On Tue, Jan 18, 2005 at 07:34:59PM -0800, Adrian Klaver wrote:
Actually universal newline support seems to be covered by the following PEP and is present in the version of Python(2.3) I am running.
http://www.python.org/peps/pep-0278.txt
I see the following in the PEP:
There is no support for universal newlines in strings passed to eval() or exec. It is envisioned that such strings always have the standard \n line feed, if the strings come from a file that file can be read with universal newlines.
Does the above mean that the PyRun_*() family doesn't have universal newline support? Or at least that some members of the family don't? That would explain why the simple C program I tested failed.

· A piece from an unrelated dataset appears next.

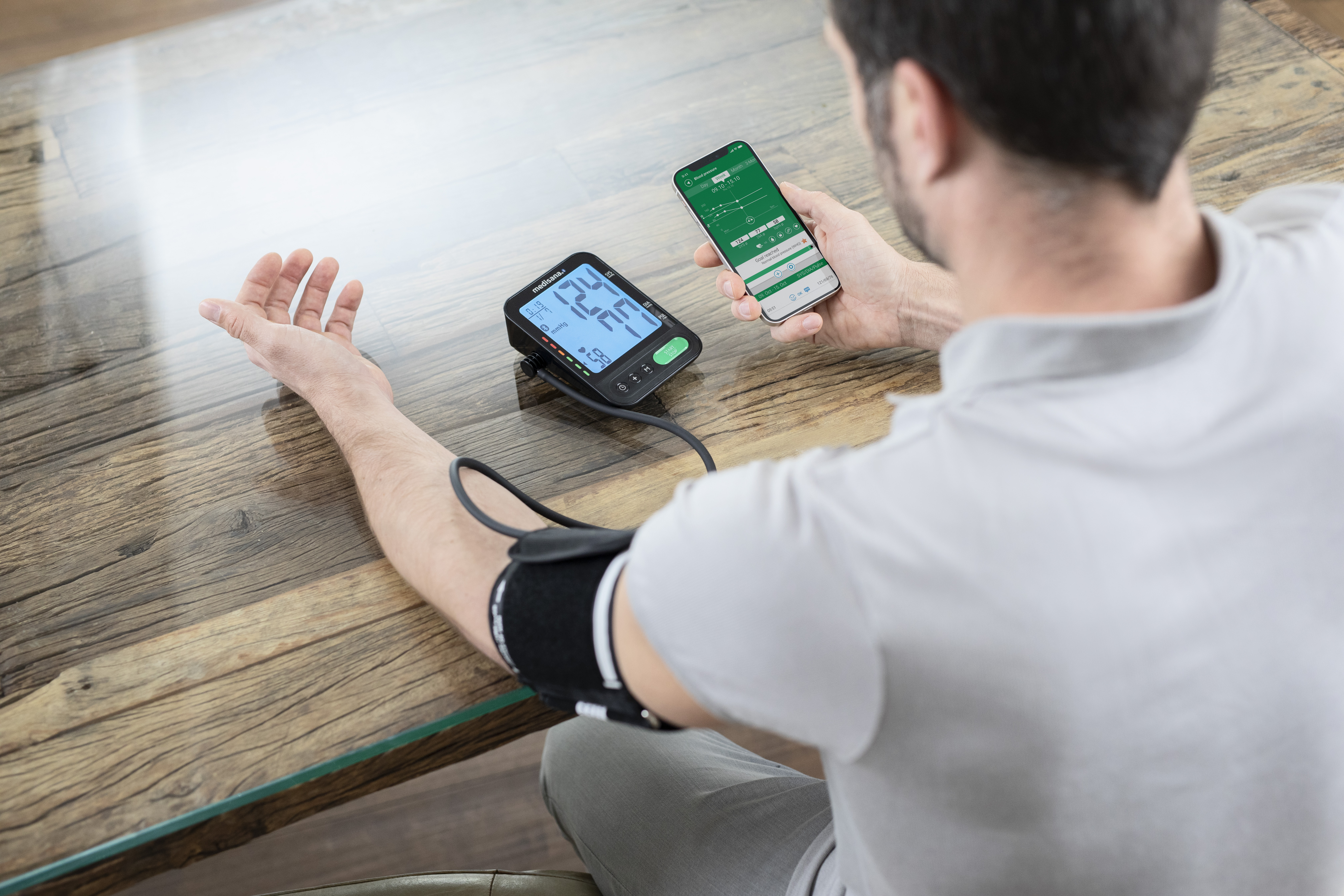 Blutdruckgerät mit Handy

http://archives.postgresql.org/pgsql-general/2005-01/msg00876.php
I would tend to agree with Hong Yuan that the problem exists in plpythonu's handling of newlines.
If Python's behavior is intentional then the newline burden would seem to be on the user or on plpythonu. I think Tom's point is that that's just silly....
Changing this behavior in Python would break backwards compatibility. In particular, the exec() function accepts strings that have already been unescaped:
>>> exec('print """\n\r\n\r\n"""')
In the above example, the exec function is being passed a string containing carridge returns and line feeds - not '\n' and '\r' character sequences.
It is too late for the Python 2.3 series anyway - 2.3.5 is being released Jan 26th and there won't be a 2.3.6. If it was championed and it decided that the above example is a bug and not a feature and a patch produced, it could get into 2.4.1 due April and 2.5+
I suspect this means fixing this problem in plpythonu for 8.1.